__TASK__. Each record below needs to be written out exactly as it reads.

======== DATASET

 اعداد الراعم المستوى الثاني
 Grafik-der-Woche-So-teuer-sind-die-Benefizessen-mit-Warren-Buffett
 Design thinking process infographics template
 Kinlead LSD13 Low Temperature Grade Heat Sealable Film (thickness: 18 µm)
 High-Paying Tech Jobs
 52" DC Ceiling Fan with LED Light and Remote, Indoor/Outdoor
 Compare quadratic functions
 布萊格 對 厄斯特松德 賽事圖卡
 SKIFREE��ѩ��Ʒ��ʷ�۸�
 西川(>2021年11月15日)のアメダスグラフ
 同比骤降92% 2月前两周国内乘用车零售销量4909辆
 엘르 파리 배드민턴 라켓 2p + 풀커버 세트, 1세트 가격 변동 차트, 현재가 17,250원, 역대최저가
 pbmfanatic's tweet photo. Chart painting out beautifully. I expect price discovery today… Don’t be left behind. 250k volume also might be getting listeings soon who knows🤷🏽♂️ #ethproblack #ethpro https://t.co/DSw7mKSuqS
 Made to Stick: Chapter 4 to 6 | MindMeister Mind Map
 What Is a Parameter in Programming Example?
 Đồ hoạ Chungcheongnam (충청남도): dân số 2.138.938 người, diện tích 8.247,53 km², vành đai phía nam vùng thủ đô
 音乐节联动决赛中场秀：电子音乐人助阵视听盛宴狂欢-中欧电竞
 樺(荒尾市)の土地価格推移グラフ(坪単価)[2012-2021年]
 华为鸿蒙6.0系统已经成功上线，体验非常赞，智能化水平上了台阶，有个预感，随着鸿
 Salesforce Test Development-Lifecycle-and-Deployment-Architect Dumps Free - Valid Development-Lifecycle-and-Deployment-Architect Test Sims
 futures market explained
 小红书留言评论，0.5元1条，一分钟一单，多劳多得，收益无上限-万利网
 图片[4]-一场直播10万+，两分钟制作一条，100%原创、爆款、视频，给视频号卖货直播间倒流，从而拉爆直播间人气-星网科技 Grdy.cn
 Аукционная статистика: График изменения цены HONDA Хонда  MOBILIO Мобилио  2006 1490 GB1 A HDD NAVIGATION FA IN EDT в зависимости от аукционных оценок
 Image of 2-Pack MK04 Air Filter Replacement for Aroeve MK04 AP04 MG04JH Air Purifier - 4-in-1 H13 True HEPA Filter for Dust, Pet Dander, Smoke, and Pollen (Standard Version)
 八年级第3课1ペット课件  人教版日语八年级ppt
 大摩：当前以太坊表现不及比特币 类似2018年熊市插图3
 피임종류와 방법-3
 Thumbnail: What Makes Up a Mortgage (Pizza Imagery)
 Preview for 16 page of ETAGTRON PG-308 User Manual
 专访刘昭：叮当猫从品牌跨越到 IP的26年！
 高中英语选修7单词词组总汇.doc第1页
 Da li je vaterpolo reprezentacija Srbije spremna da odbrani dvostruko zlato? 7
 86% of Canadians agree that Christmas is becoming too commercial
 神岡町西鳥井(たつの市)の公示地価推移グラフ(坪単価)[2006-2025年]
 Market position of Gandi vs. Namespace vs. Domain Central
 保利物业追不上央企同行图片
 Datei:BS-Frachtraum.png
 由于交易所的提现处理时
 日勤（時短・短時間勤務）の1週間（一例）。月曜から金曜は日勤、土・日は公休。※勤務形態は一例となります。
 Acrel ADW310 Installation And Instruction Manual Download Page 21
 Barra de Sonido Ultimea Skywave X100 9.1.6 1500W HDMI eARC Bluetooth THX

================

__EXERCISE RESPONSE__.
 اعداد الراعم المستوى الثاني
 Grafik-der-Woche-So-teuer-sind-die-Benefizessen-mit-Warren-Buffett
 Design thinking process infographics template
 Kinlead LSD13 Low Temperature Grade Heat Sealable Film (thickness: 18 µm)
 High-Paying Tech Jobs
 52" DC Ceiling Fan with LED Light and Remote, Indoor/Outdoor
 Compare quadratic functions
 布萊格 對 厄斯特松德 賽事圖卡
 SKIFREE��ѩ��Ʒ��ʷ�۸�
 西川(>2021年11月15日)のアメダスグラフ
 同比骤降92% 2月前两周国内乘用车零售销量4909辆
 엘르 파리 배드민턴 라켓 2p + 풀커버 세트, 1세트 가격 변동 차트, 현재가 17,250원, 역대최저가
 pbmfanatic's tweet photo. Chart painting out beautifully. I expect price discovery today… Don’t be left behind. 250k volume also might be getting listeings soon who knows🤷🏽♂️ #ethproblack #ethpro https://t.co/DSw7mKSuqS
 Made to Stick: Chapter 4 to 6 | MindMeister Mind Map
 What Is a Parameter in Programming Example?
 Đồ hoạ Chungcheongnam (충청남도): dân số 2.138.938 người, diện tích 8.247,53 km², vành đai phía nam vùng thủ đô
 音乐节联动决赛中场秀：电子音乐人助阵视听盛宴狂欢-中欧电竞
 樺(荒尾市)の土地価格推移グラフ(坪単価)[2012-2021年]
 华为鸿蒙6.0系统已经成功上线，体验非常赞，智能化水平上了台阶，有个预感，随着鸿
 Salesforce Test Development-Lifecycle-and-Deployment-Architect Dumps Free - Valid Development-Lifecycle-and-Deployment-Architect Test Sims
 futures market explained
 小红书留言评论，0.5元1条，一分钟一单，多劳多得，收益无上限-万利网
 图片[4]-一场直播10万+，两分钟制作一条，100%原创、爆款、视频，给视频号卖货直播间倒流，从而拉爆直播间人气-星网科技 Grdy.cn
 Аукционная статистика: График изменения цены HONDA Хонда  MOBILIO Мобилио  2006 1490 GB1 A HDD NAVIGATION FA IN EDT в зависимости от аукционных оценок
 Image of 2-Pack MK04 Air Filter Replacement for Aroeve MK04 AP04 MG04JH Air Purifier - 4-in-1 H13 True HEPA Filter for Dust, Pet Dander, Smoke, and Pollen (Standard Version)
 八年级第3课1ペット课件  人教版日语八年级ppt
 大摩：当前以太坊表现不及比特币 类似2018年熊市插图3
 피임종류와 방법-3
 Thumbnail: What Makes Up a Mortgage (Pizza Imagery)
 Preview for 16 page of ETAGTRON PG-308 User Manual
 专访刘昭：叮当猫从品牌跨越到 IP的26年！
 高中英语选修7单词词组总汇.doc第1页
 Da li je vaterpolo reprezentacija Srbije spremna da odbrani dvostruko zlato? 7
 86% of Canadians agree that Christmas is becoming too commercial
 神岡町西鳥井(たつの市)の公示地価推移グラフ(坪単価)[2006-2025年]
 Market position of Gandi vs. Namespace vs. Domain Central
 保利物业追不上央企同行图片
 Datei:BS-Frachtraum.png
 由于交易所的提现处理时
 日勤（時短・短時間勤務）の1週間（一例）。月曜から金曜は日勤、土・日は公休。※勤務形態は一例となります。
 Acrel ADW310 Installation And Instruction Manual Download Page 21
 Barra de Sonido Ultimea Skywave X100 9.1.6 1500W HDMI eARC Bluetooth THX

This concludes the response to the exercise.